Communication is really about taking someone else’s perspective, understanding it, and responding. However in this age of technology, commenters are often anonymous and thus unaccountable for their rudeness. Second, they are at a distance from the target of their anger — be it the Facebook post they’re commenting on or a comment on an article. Also, people tend to antagonize distant abstractions more easily than people who are engaged in a face-to-face conversation with them. Third, it’s easier to be nasty in writing than in speech.
“Getting Your Body Back”
I hate this term, because frankly the body I had before my baby wasn’t all that great in the first place, so “getting it back” was not some big coup for me. My generation of mothers was one of the last that could deal with a postpartum body fairly pressure-free (this was not the case with my daughter born in 2007). Today headlines are abundant with “Miss Covergirl 2014 Poses in Swimsuit Three Weeks After Giving Birth.” It’s insane. I’m happy that pre- and postpartum health education is more accurate these days as compared to when I was newly pregnant, but the pressure to look amazing before, during, and after is too much. (See “What to Expect When You Are Expecting” cover above.)

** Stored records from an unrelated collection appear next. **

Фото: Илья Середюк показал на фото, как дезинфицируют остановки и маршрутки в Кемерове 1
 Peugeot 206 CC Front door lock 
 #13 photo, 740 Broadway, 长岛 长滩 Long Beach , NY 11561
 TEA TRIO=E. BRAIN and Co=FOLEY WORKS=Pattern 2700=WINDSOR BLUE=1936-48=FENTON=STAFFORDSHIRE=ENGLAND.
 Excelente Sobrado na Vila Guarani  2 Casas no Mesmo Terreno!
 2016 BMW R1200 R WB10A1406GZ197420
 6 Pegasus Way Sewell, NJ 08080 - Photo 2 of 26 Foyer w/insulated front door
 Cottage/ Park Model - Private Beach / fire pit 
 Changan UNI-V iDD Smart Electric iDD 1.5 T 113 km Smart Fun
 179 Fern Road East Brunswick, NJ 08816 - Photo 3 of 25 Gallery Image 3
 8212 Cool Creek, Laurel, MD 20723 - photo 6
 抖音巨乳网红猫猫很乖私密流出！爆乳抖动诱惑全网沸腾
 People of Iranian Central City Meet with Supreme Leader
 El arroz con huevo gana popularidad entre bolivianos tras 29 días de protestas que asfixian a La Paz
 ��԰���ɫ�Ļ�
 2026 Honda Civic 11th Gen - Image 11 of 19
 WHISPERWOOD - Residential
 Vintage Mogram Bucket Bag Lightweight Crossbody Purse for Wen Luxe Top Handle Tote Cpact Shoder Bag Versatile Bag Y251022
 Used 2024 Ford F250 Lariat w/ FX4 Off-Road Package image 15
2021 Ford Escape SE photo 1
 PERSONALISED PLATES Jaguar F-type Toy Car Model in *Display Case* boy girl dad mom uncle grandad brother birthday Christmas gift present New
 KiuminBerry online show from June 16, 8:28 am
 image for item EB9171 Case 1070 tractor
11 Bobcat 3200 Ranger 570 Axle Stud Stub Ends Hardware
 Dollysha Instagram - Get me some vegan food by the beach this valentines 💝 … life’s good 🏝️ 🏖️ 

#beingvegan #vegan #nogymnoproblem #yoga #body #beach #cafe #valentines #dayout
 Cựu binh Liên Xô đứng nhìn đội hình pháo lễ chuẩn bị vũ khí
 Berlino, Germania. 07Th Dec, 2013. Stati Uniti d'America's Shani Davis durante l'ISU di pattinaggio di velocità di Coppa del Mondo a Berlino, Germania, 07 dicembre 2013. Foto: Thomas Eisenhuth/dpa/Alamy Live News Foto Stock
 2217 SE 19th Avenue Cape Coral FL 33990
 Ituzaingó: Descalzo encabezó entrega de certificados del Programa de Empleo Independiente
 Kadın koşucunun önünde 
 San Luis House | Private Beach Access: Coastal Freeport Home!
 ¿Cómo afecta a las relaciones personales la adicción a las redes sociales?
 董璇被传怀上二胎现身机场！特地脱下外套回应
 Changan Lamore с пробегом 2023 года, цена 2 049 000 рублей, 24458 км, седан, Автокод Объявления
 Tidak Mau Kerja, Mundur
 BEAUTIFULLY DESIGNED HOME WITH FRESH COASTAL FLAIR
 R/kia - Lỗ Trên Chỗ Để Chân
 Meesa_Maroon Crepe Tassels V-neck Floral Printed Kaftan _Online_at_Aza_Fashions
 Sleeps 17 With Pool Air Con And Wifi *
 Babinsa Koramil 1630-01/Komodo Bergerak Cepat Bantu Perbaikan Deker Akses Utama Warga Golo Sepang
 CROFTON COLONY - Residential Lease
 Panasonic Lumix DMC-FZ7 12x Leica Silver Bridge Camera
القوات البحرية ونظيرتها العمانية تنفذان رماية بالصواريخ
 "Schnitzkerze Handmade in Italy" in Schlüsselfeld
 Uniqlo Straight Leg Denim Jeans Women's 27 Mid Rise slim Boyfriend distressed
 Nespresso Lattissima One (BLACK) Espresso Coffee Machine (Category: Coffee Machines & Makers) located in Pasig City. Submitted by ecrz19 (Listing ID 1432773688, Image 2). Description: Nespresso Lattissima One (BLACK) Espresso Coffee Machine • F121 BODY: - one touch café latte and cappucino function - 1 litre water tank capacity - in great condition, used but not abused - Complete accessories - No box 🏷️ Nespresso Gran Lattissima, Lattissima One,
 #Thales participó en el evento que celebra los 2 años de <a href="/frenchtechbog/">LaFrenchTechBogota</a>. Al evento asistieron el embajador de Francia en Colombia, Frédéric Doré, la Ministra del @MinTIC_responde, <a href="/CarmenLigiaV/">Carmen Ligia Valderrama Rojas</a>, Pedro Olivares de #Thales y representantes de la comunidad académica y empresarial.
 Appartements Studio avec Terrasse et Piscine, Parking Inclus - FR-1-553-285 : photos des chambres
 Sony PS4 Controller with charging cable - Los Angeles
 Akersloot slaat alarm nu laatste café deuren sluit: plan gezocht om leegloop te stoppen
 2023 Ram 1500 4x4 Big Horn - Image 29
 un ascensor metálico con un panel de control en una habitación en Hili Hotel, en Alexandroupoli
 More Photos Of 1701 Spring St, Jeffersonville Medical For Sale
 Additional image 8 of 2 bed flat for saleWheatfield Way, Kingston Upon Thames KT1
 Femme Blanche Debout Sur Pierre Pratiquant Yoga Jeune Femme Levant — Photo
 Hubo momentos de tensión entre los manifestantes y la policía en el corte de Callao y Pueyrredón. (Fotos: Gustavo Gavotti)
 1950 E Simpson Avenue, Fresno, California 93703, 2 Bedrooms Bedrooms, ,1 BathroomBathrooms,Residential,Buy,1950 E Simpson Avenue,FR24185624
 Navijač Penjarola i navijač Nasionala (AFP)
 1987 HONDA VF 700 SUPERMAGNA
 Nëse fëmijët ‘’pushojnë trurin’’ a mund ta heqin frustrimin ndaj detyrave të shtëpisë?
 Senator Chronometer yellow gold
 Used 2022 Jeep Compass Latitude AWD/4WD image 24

I’m glad I got to enjoy my first pregnancy under the oblivious shroud of tent dresses, “eating for two,” and a postpartum body that emerged about seven years before the low-rise jean nightmare hit stores everywhere.
So you see, things were different in many ways just 14 short years ago, just as they were different with the generation before me. (Remember your grandmother’s photo albums of herself pregnant with a cocktail in one hand and a Virginia Slims cigarette in the other?) They will be different when your kids have kids. Who knows, maybe you’ll be able to conjure up a giant spinning hologram of your ultrasound at your birth reveal party.
One thing that will never change, though, is that being a new mother is thrilling, terrifying, miserable, joyous, exhausting, exhilarating, challenging, and guilt-ridden. These are emotions for the ages, and whether the first pictures of your baby are of them in a basket with butterflies or in front of a ghastly shag carpet, they are still the cutest babies you’ve ever seen.
If you are an older parent, what differences from your new mommy friends have you noticed?